The Economic and Social Wellbeing Co-Benefits of Healthy Built Environments
How Building Walkable Neighbourhoods Can Help to Build Stronger, More Economically Viable Places for All
Location: BC Centre for Disease Control (BCCDC), 655 West 12th Avenue, Vancouver BC - Lane Level Lecture Hall
Offsite participants, please click this link to view the presentation live on April 4th
Presenters: Victoria Barr and Charito Gailling
Summary of the talk:
This presentation will introduce the Healthy Built Environment Linkages Toolkit, which summarizes research correlations between aspects of the built environment and specific health outcomes, and focuses on new findings related to two types of co-benefits: social wellbeing and economics.
The first part of the presentation will explore how built environments can play a significant role in fostering social wellbeing, in part by encouraging people to be ‘out and about’, meeting others and building important local relationships.
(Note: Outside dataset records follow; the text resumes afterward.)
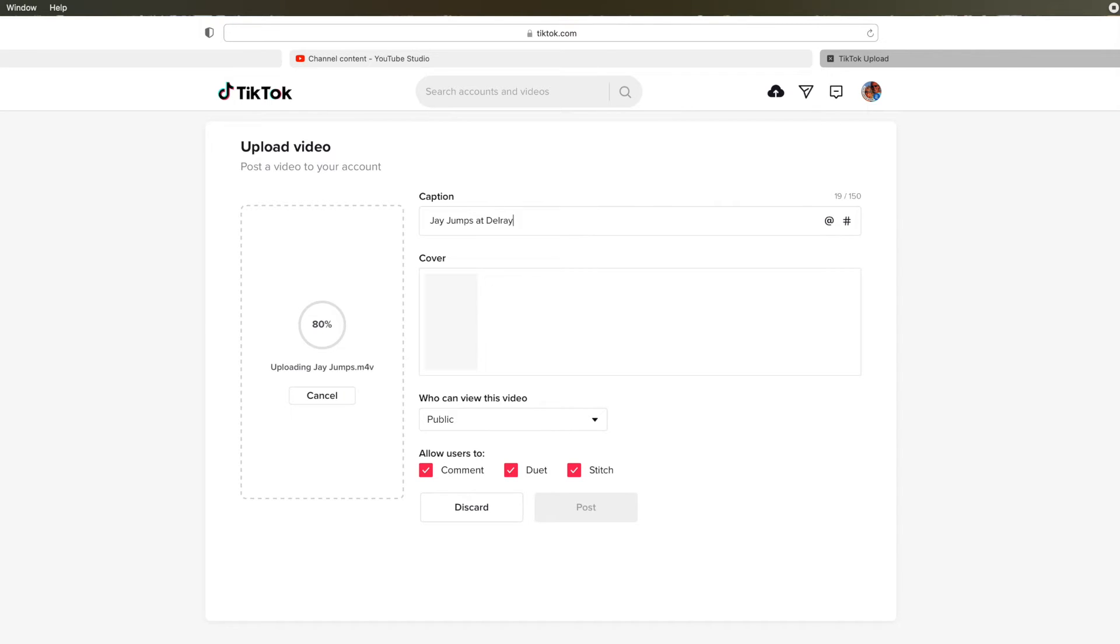And as you can see, it's a short video, so it's going to load quickly. And we're at 93.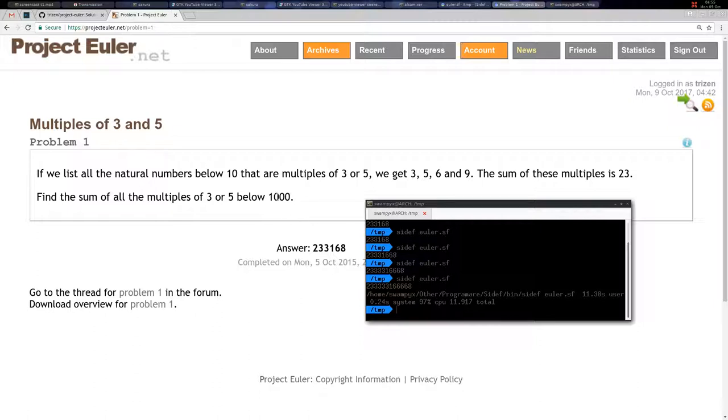But if this number was, let's say, 10 to the 12 or 10 to the 20, then you would have to find a pattern and just sum those multiples of 3 and 5.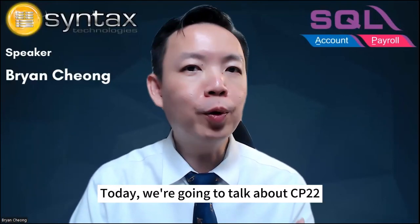Hi, I'm Brian. Welcome to Ask Brian Chow. Today, we're going to talk about CP22.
The design of streets, pathways and public spaces can go a long way to supporting a strong sense of community and combatting isolation and loneliness. Developing complete and compact neighbourhoods in which residents can access shops and services via active transportation is vital, but so are seemingly ‘smaller’ strategies, like strategically locating park benches, playgrounds for children, or common entries for buildings. These strategies have been associated with stronger connections between people and the places they share.
The second half of the presentation will explore the important economic co-benefits of building complete, compact communities that encourage active transportation. More and more, local governments are recognizing that the planning principles needed to create healthy communities will also help to build communities that are economically stronger, boosting the local economy and saving money for both residents and governments. Protecting natural environments and open spaces within and outside of communities also has important economic implications.
Victoria Barr is an independent Healthy Communities consultant with over 20 years’ experience in planning and research to build healthier, more resilient communities. Victoria’s work has focused on the ways in which community health and health equity is affected by policies in various areas of planning, including housing, transportation, and food systems. Victoria holds a Master’s degree in Health Promotion and a PhD in Planning.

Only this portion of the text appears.